Air Deccan’s logo in 2005 emphasizing Air Deccan’s goal of making air travel more accessible.

Air Deccan’s Vision and Mission Statement

Air Deccan’s vision was to make the common man fly, which can be seen through Captain Gopinath’s low-cost business model. Air Deccan was the first low-cost carrier in India to simplify air travel by providing a safe and reliable mode of transport that could be easily accessed and booked by the common man through either travel agents, call centers, and even the internet, which was a pretty big thing at that time.

So Air Deccan became the first Indian company to integrate all of its multiple distribution channels with the internet, thus avoiding the costs of printing tickets which gave it an edge against the other carriers it was competing with.

ATR Aircraft used by Air Deccan for its regional destinations.

Business Model and its Growth

Air Deccan adopted a “no-frills low cost” strategy, which basically means they reduced the costs by getting rid of all the non-essential features. Their focus was on lowering the costs as much as possible in order to get as many customers as possible. By being an early mover to this industry, they were able to tap into the low-cost airline market.

Air Deccan wasn’t focused on competing against the other airlines in the aviation industry but aimed to target the customers who traveled in the upper classes of the railways. They targeted middle-class passengers by offering competitive pricing which was sometimes even lesser than an upper-class ticket in the railways.

By 2005, the airline grew rapidly, with nearly a 30% increase in the passenger numbers compared to the previous year. It was able to offer very low costs by outsourcing most of its business operations and focusing only on its core operations. They adopted strategies to maximize aircraft utilization through its flying hours and being the carrier with the widest reach in India. They had also strategically tied up with Hindustan Petroleum to sell tickets for their airline at all fuel stations throughout the country. This would allow Air Deccan to expand its retail outlets throughout the country.

By 2006, they became the third-largest airline in India, with a 19% market share expanding to 55 airports, and flying nearly 260 flights per day. Their fleet consisted of only 30 aircraft at that time, but by the end of 2006, they had placed an order for 30 more A320s. They had a vision to reach even the remotest places in the country, where no other carrier would even go, thus the customers would develop a sense of loyalty towards the company.
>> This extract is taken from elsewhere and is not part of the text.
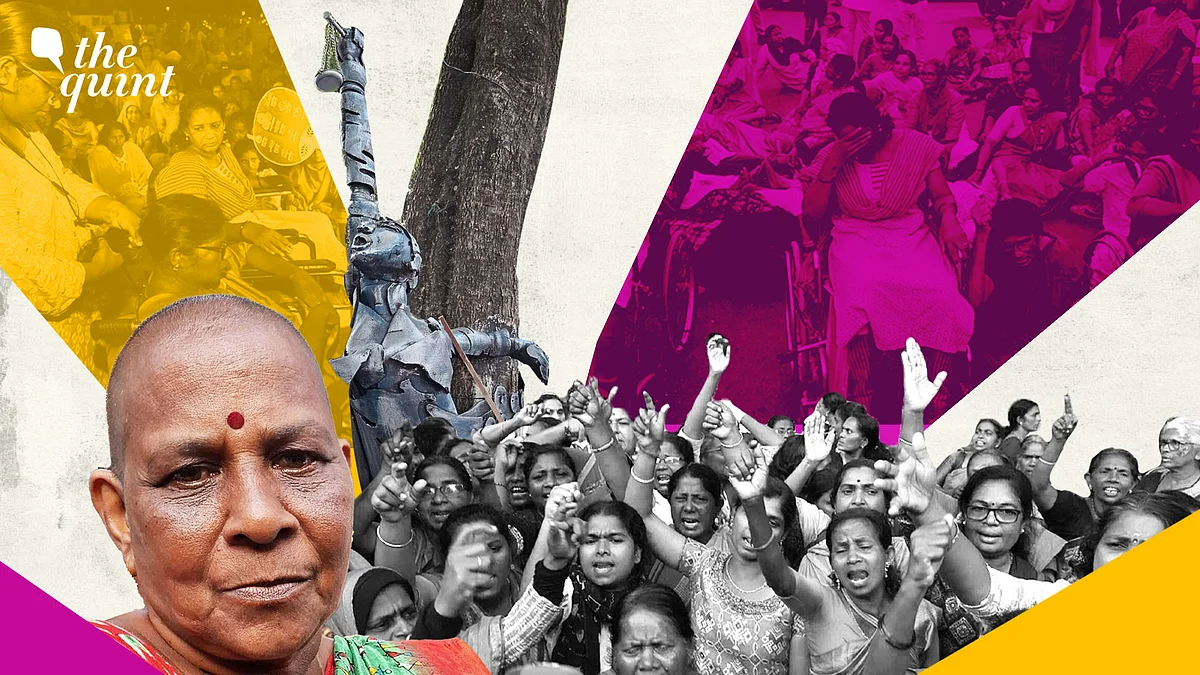 <div class="paragraphs"><p>ASHA workers serve as a critical link between communities and the public healthcare system, often working round the clock.</p></div>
How were they able to offer one rupee tickets?

The one-rupee tickets were offered in order to achieve Air Deccan’s motive to “Enable every common man to fly”. Air Deccan really cared about its vision and was focused on giving a lot of middle-class people their first experience in flying. Overall, the tickets would cost around Rs 221, when included with taxes. Also, the number of seats which would get this one-rupee offer would also be very limited. I feel that this was a way of getting more people into the aviation market segment, and also a form of advertising for Air Deccan. The tickets were non-refundable and had cancellation charges, and no refunds or accommodations were provided for people who missed their flight.

It is not the elite that I consider as my customers. It is the humble cleaning women of my office, the auto-rickshaw driver, and other such people that we would like to cater to. We want them to dream that they too can fly, and we want to make that dream happen. — G R Gopinath, Founder of Air Deccan

Strategies that made Air Deccan Successful among other low-cost Carriers

Air Deccan had very well-versed strategies that helped it to be more successful than its competitors.
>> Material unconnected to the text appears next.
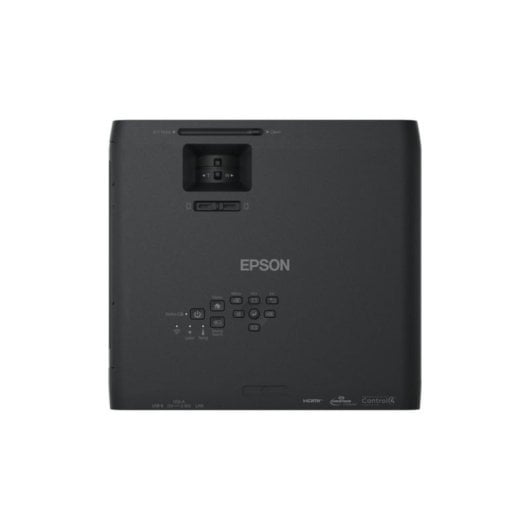 Projetor Epson EB-L265F FullHD 4600 Lúmenes 310" Laser 3LCD 3D Wi-Fi Ethernet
  1. High Aircraft utilization

This was one of the major factors attributed to the success of Air Deccan. They were able to maximize aircraft utilization, and thus directly increase its flying hours. They were able to achieve this by a well-planned flight scheduling with its pilots, which automatically increased the number of seats available on the plane. They were significantly able to reduce their Turn-Around-Time by investing in technology, thus directly contributing to their revenue generation.

2. Route Optimization

Air Deccan only operated point-to-point routes, starting from seven base airport stations. They did not provide any options for connecting flights, thus decreasing the turn around time for all their planes. This move definitely helped them in reducing their operational costs.

3. Efficient utilization of its Fleet

Air Deccan devised different strategies in order to maximize the utilization of their fleet. Initially, Air Deccan’s fleet only consisted of ATR-2 TurboProp, which had a maximum capacity of 48 seats. Later they added, ATR-72, and Airbus 320s to their routes. They used bigger aircrafts for their busier routes, and smaller aircrafts for their regional routes in order to maximize the accommodation of customers and reduce the operating costs such as fuel associated with them.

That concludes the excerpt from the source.